FIG. 46 illustrates a conversational interface for providing selection information for a statistical algorithm selected with respect to the analysis of association between categorical variables as described above.

The selection information includes variable and parameter setting information for making a statistical analysis execution stage proceed for the selected statistical algorithm, and further includes item information that enables the user to manually select a statistical analysis.

As shown in FIG. 46, a conversational interface is to provide selection information for a statistical algorithm. At the upper part of the conversational interface for selecting a specific statistical algorithm to be used for an analysis, current program use purpose information (a categorical variable analysis using a contingency table) is displayed. In addition, inside the lower part, a statistical algorithm currently selected is displayed, and pieces of guide information to be selected/set for setting variables and parameters are included so that the statistical algorithm proceeds. A link button for setting variables and parameters, which is the next process according to the user's selection, is included.

In addition, an automatic/manual selection item for enabling the user to manually select a statistical algorithm is included, and statistical algorithm information that may be selected when manual selection is selected with respect to the selection item is further included.

FIG. 47 is a flowchart illustrating a whole process for selecting a statistical algorithm according to variable characteristics in the variable characteristic information selected with respect to the purpose of use of the statistical analysis program.
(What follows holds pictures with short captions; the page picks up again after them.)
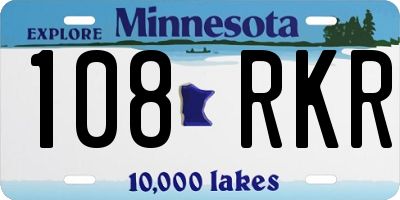 MN license plate 108RKR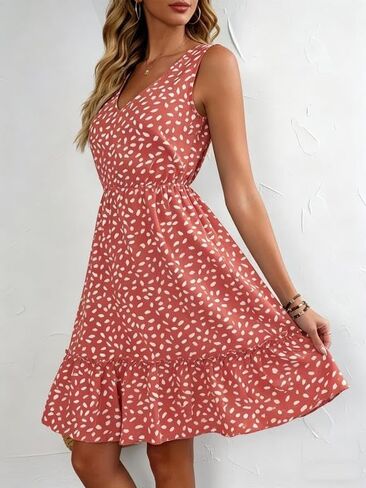 Women's Sleeveless Ruffle Hem A-Line Mini Dress, V-Neck Elastic Waist Casual Chic Everyday Brunch Vacation Dress in Kuwait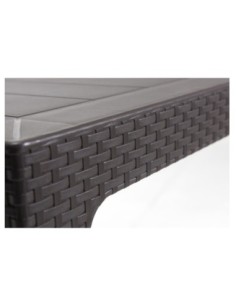 Mesa TROPICAL, ratán, polipropileno antracita, 150 x 90 cms 2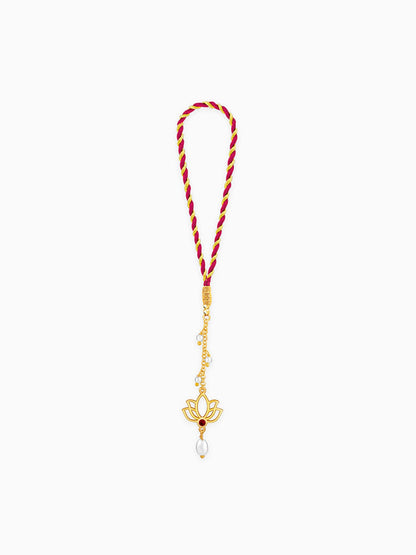Golden Padma Pearl Lumba Rakhi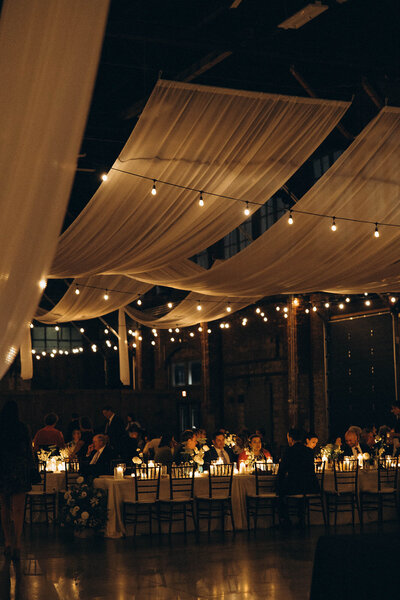 New England wedding guests at their reception tables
The process for selecting a statistical algorithm for an analysis of association between categorical variables is shown.

As shown in FIG. 47, a statistical algorithm is selected through the following stages: performing an analysis of a proportion difference between each of subgroups in one categorical variable; performing an analysis of association between two variables; or performing an analysis of three or more variables.
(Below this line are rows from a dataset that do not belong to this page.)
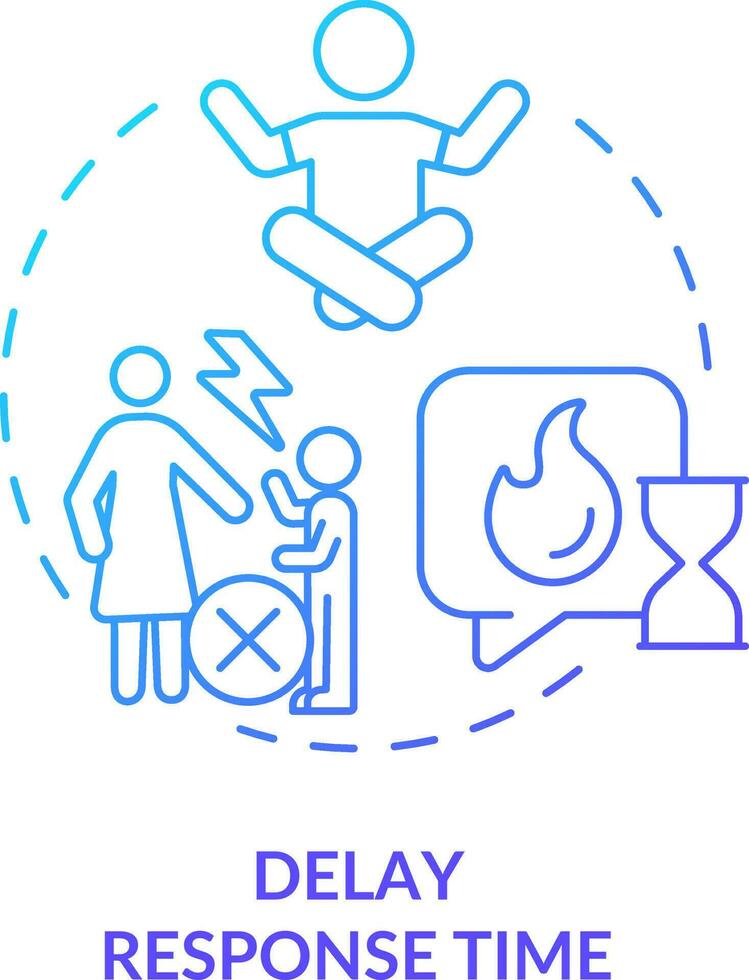 Delay response time blue gradient concept icon. Parenting. Foster emotional regulation in children abstract idea thin line illustration. Isolated outline drawing vector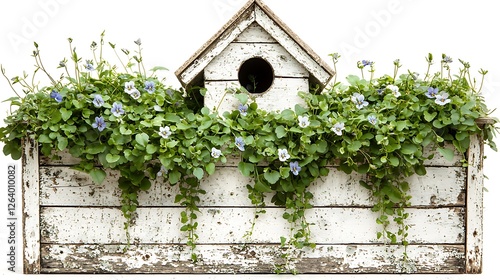 White Wooden Birdhouse with Flowers in a Planter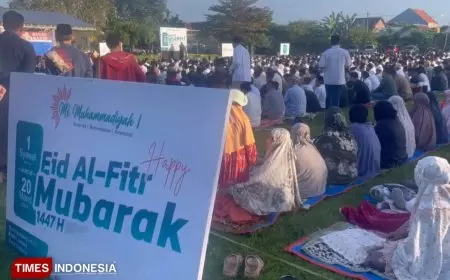 Ribuan Warga Muhammadiyah Jombang Salat Id di Pulo Lor, Khutbah Soroti Isu Lingkungan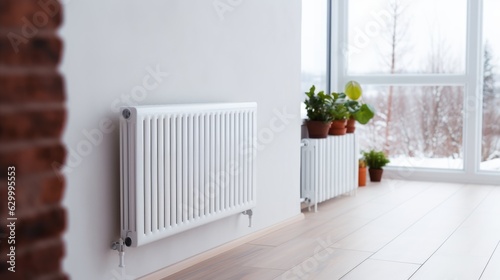 Heating radiator near the window in the room. Heating concept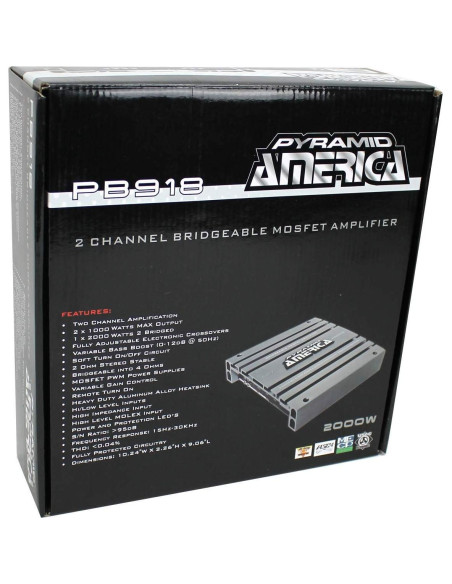 Amplificador de Potencia Pyramid PB918 2000W 2 Canales + Kit Cableado 8 Gauge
In the case of performing the analysis of association between two variables or the analysis of three or more variables, further included is a stage of determining a case in which there are two subgroups within a variable or a case in which there are three or more subgroups within a variable. For the analysis of association between two variables, included is a stage of selecting a statistical algorithm by determining a case in which data is independently measured or a case in which data is constructed in pairs.

In addition, in the analysis of association between two variables, in the case in which there are three or more subgroups within a variable and data is independently measured, further included is a stage of selecting a statistical algorithm by determining a case of a simple association or a case of an analysis of a linear increase/decrease association.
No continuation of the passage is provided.